I also found that 2009 was the Year of Twitter, exactly as Kate Carruthers posted, (along with blogging on other areas of her 2009 year of personal growth). Harold Jarche also called 2009 the Year of the Tweet.

Ironically some folks have now predicted the death of social media (eg Twitter) - whilst others provocatively suggested that Twitter will only be populated by social media experts (all 16,000+ of them) in future years. And the Librarians have been pondering the future of the Library in a Kindle era, where it has been reported that the sale of E-book readers like Kindle outsold print books in this holiday season.

Adaptability seems an appropriate strategy, especially as 2009 was defined as the Charles Darwin anniversary year . Valdis Krebs had tweeted Darwin in 2009 "It's not the strongest of the species that survive, but those most able to adapt." Seeing the Darwin exhibition, at the National Museum of Australia, in January 2009 was truly amazing, in being able to see original documents and exhibits.

I guess that is why I still like to read the print edition of New Scientist along with its tweets & web articles. I like to be amazed unexpectedly. And sometimes my Teen even takes a peek at the latest print edition and be amazed over breakfast. This morning, in the latest print edition (Vol 204 No. 2739/40/410), I read of Bill Bryson's new book "Seeing Further: The story of science in the Royal Society". And amazing is a comment that Bryson makes about his observation of the passion of scientists, "In fact everything that happens anywwhere is amazing if you stop and consider it."

A favourite quote of mine is "If I have seen further it is only by standing on the shoulders of giants. " I had always thought that it was originally uttered nearly 350 years ago by Sir Isaac Newton, in his 1676 letter to Robert Hooke. I had loved the 1970's Harvard Project Physics course in my senior high school years where I learned of Newton and many other Physicists, as the course seemed to make Physics come alive for me.

So today I was surprised to learn that Newton had in fact been quoting from Bernard of Chartres 500 years earlier in 1159.

Apparently "Bernard of Chartres used to say that we are like dwarfs on the shoulders of giants, so that we can see more than they, and things at a greater distance, not by virtue of any sharpness of sight on our part, or any physical distinction, but because we are carried high and raised up."

Today, on this first day of 2010, "Seeing further" just seemed to keep popping out at me.
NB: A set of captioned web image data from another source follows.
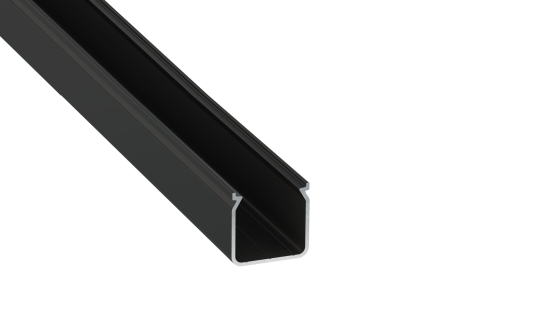 Profil TEKKNI+ typ HELSE+ czarny anodowany 1 m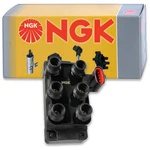 Pc Ngk Ignition Coil 1995-2000 Ford Contour 2.5L V6 Spark Plug Tune Tf. Fixed Price $79.53.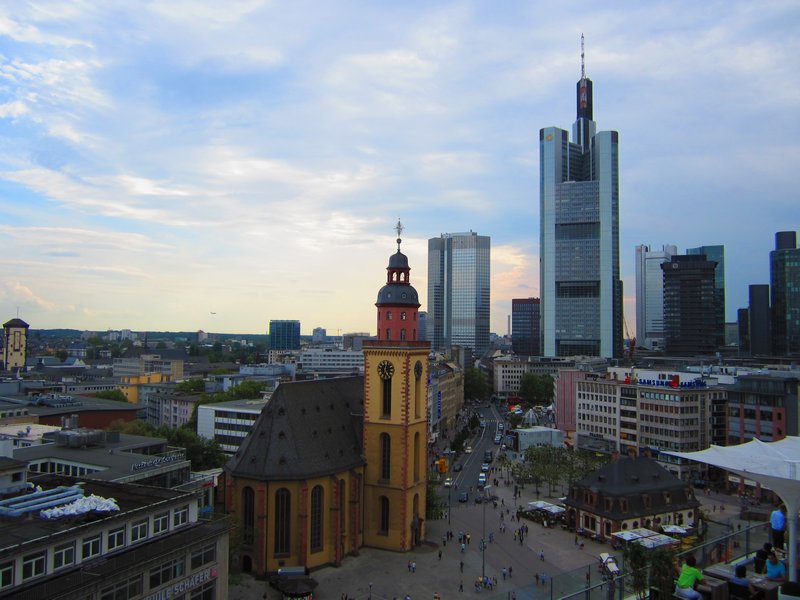Protestant Church and Financial District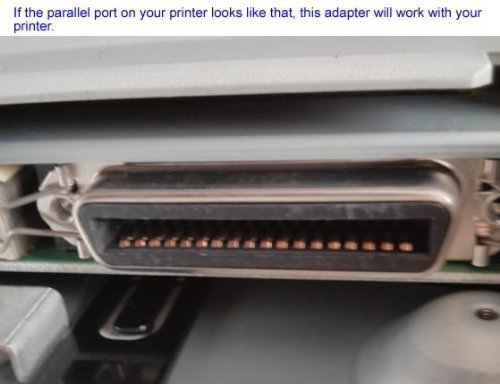 Aya 6Ft. Usb To Parallel Ieee 1284 Printer Adapter Cable Pc (Connect Your Old Parallel Printer To A Usb Port) Win Xp/7/8/10 And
Not only in New Scientist, but even in the latest issue of Oz lifestyle mag (Better Homes & Gardens), where its Editor, Juliet Zaetta, quoted Kurt Vonnegut Jnr, "I want to stay as close to the edge as I can without going over. Out on the edge you can see all kinds of things you can't see from the centre."

I know that Twitter and many of those 16,000+ self-styled social media experts had already helped me see a lot more in 2009 than I could have ever imagined before attending ACTKM08.

So where to for 2010 ?

Harold Jarche has proclaimed 2010 as the Year of the Community Manager.

And in her forecast for 2010, Venessa Miemis quoted from the Wall Street Journal "Jobs of the future will require skills in trendtracking, strategy and design.by their giant size." This all seems to me to resonate with Harold Jarche's "Personal Knowledge Management" focus.

Inevitably Twitter, along with other social media platforms such as blog posts and RSS feeds, is going to be a key part of my personal trendtracking, as I embrace my new career direction in 2010.

And I would like to thank, in advance, all of those who will help me to See Further in 2010.